Pergantian tersebut tergolong hafalan karena Madrid sudah sering memakai cara seperti ini.
Madrid menjelma menjadi 4-3-3 dengan tiga penyerang bermain sangat sentral.
Liverpool tak punya waktu buat bereaksi karena tiga menit setelah Bale masuk, ia langsung mencetak gol spektakuler.
Gol, yang menurut Klopp penuh dengan keberuntungan, karena tendangan salto biasanya jarang berbuah gol.
Gol itu terjadi karena Bale tak terkawal. Saat akan menerima bola, Lovren terpaku dengan bola. Van Dijk sibuk mengawasi Ronaldo dan Benzema di depannya. Bale? Sendirian!
Inilah formasi kedua tim setelah gol pertama Gareth Bale ke gawang Liverpool di final Liga Champions 2018. pic.twitter.com/uDvtoLm7Nl
— BolaSport.com (@BolaSportcom) May 27, 2018
Andai gol tak secepat itu, Zidane pasti terus mendorong timnya dengan sistem 4-3-3.
Karena misi tercapai secara cepat, Madrid menyelesaikan laga dengan sistem 3-5-2.
Bale lebih berperan sebagai gelandang kanan dan Marcelo berperan sebagai bek sayap kiri.
Sistem ini membuat keseimbangan. Tiga bek tengah Madrid, Ramos, Varane, dan Nacho punya tugas mengawal tiga penyerang Liverpool.
Nacho juga diberikan tugas sesekali naik sebagai bek sayap bila keadaan memungkinkan.
Tiga gelandang sentral Madrid pun menangkal tiga gelandang Liverpool.
Marcelo dan Bale membuat Alexander-Arnold dan Robertson tak bisa jauh-jauh meninggalkan posnya. Ronaldo dan Benzema masih mengganggu Lovren dan Van Dijk.
Kendati tahu timnya kesulitan, Juergen Klopp tak mencoba merombak taktik.
Ia tetap setia dengan 4-3-3. Bahkan, pergantian pemain hanya untuk mengganti personel, bukan taktik. Emre Can masuk menggantikan Milner di menit ke-83.
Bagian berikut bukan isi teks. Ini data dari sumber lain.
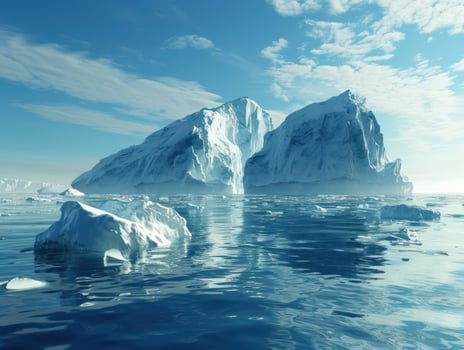 icebergs in the water with blue sky and clouds photo
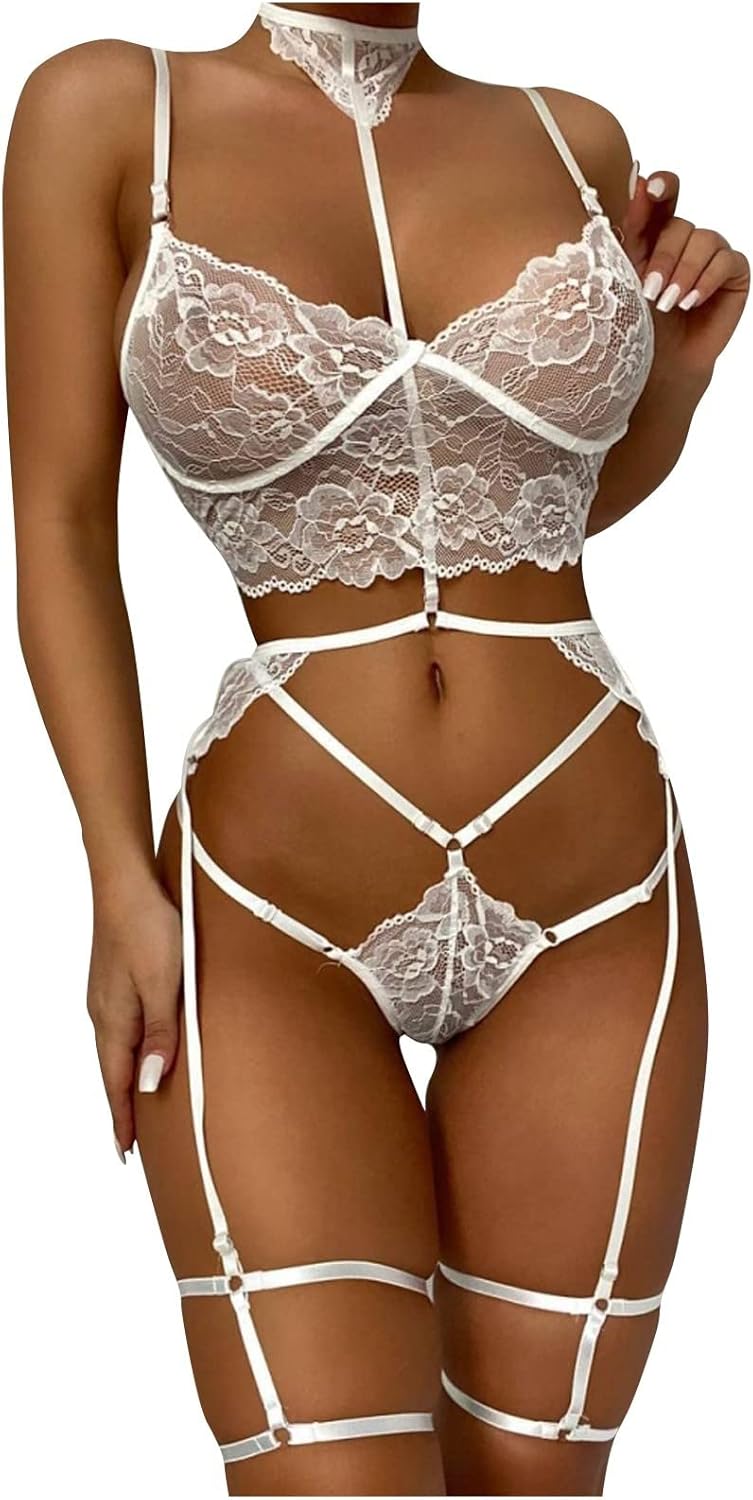 Women's Exotic Chemise and Nightgown Lingerie Sexy Hollow Women's Lingerie Set Sexy Lingerie Bra Thong (A 3XL)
(Baca Juga: Jadwal Lengkap Piala Dunia 2018, Awal dan Akhir di Moskwa)
Berselang beberapa detik setelah pergantian tersebut, Madrid kembali mendapatkan gol via tembakan jarak jauh Gareth Bale, plus blunder Loris Karius.
Usai gol itu, Madrid tinggal memutar bola dan mematikan laga. Skor 3-1 jadi hasil akhir final Liga Champion 2017-2018.
Kesimpulannya, Zidane menjadi pelatih yang proaktif di laga final. Ia setidaknya punya dua hingga tiga rencana permainan, yang meski sudah bisa ditebak, tak diantisipasi dengan baik oleh Klopp.
Juergen Klopp, di sisi lain, terpaku dengan satu sistem.
Klopp bergeming, bahkan ketika pemain terbaiknya Mo Salah, yang membuat sistem 4-3-3 berjalan baik, harus ditarik keluar karena cedera.
Tak ada inisiatif atau keberanian mengubah taktik. Hal ini barangkali terjadi karena terbatasnya opsi pemain.
Pada akhirnya, Liverpool membayar mahal atas blunder Loris Karius dan ketidakberuntungan yang mereka derita.